**WHAT IS EXPECTED**
Pictures in the listing should not be copied. Reproduce, word for word, each line from the one holding "Michael Saylor sosteniendo" through the final line.

***** THE DATA

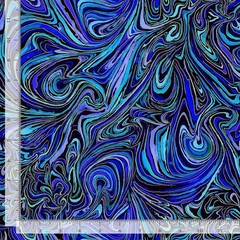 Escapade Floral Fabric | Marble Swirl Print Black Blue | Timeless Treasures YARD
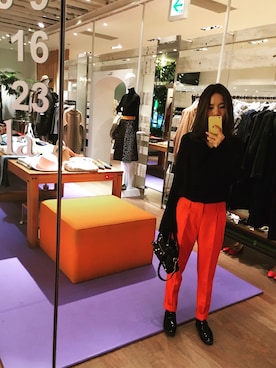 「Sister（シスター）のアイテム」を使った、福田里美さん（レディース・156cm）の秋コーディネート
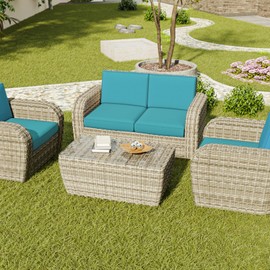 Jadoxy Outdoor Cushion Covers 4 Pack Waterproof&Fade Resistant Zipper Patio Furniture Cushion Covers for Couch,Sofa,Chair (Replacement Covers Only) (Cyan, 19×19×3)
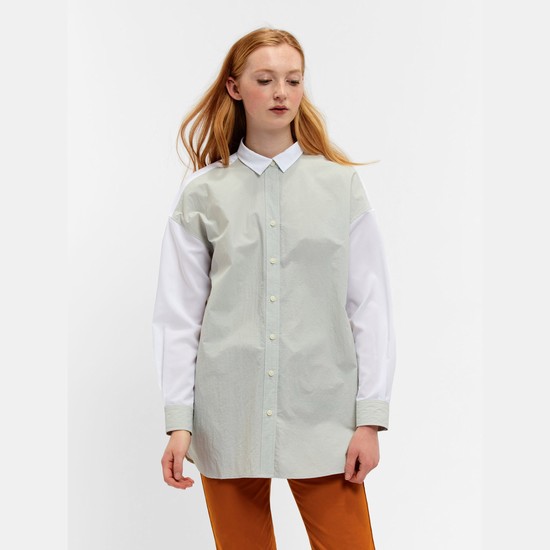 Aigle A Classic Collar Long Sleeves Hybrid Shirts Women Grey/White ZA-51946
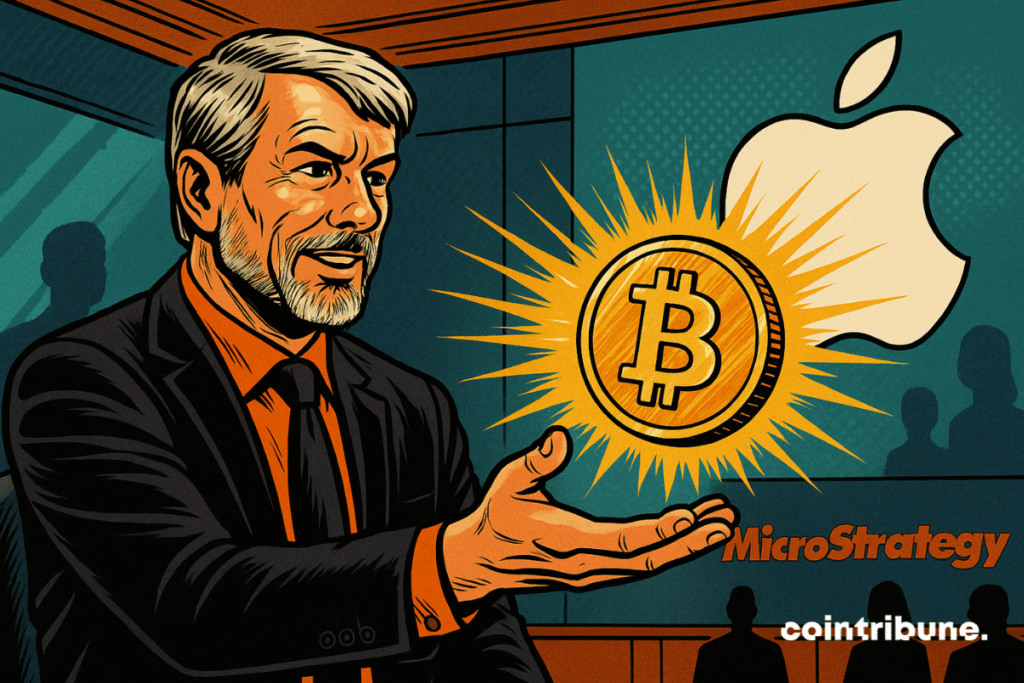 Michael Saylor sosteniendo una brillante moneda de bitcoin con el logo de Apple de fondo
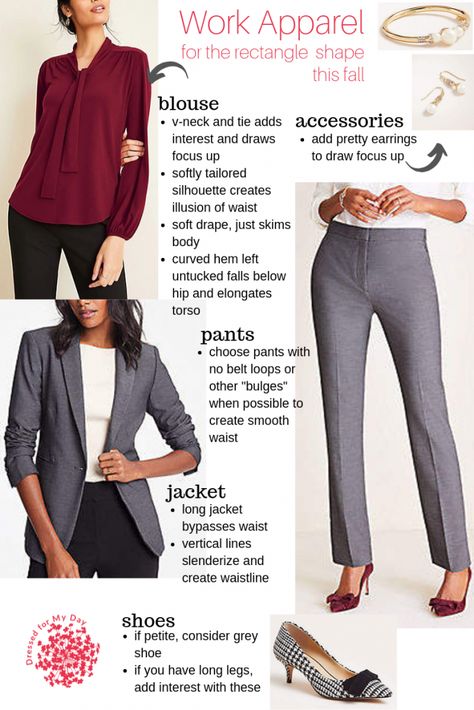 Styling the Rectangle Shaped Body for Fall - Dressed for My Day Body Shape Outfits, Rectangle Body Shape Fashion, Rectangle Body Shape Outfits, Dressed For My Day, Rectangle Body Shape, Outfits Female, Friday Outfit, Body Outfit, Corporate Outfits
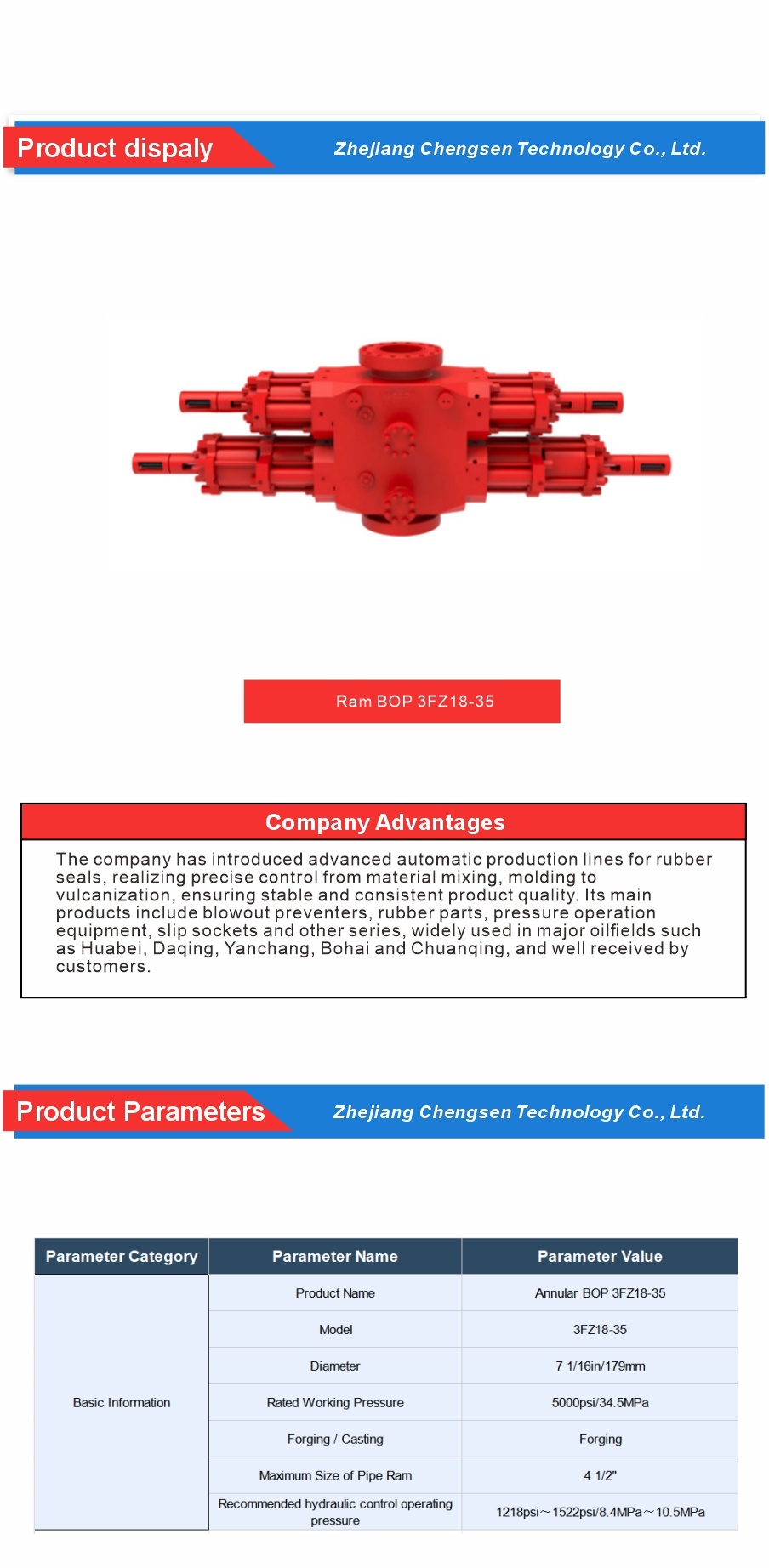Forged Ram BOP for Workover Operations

**********

**RESPONSE**
 Michael Saylor sosteniendo una brillante moneda de bitcoin con el logo de Apple de fondo
 Styling the Rectangle Shaped Body for Fall - Dressed for My Day Body Shape Outfits, Rectangle Body Shape Fashion, Rectangle Body Shape Outfits, Dressed For My Day, Rectangle Body Shape, Outfits Female, Friday Outfit, Body Outfit, Corporate Outfits
Forged Ram BOP for Workover Operations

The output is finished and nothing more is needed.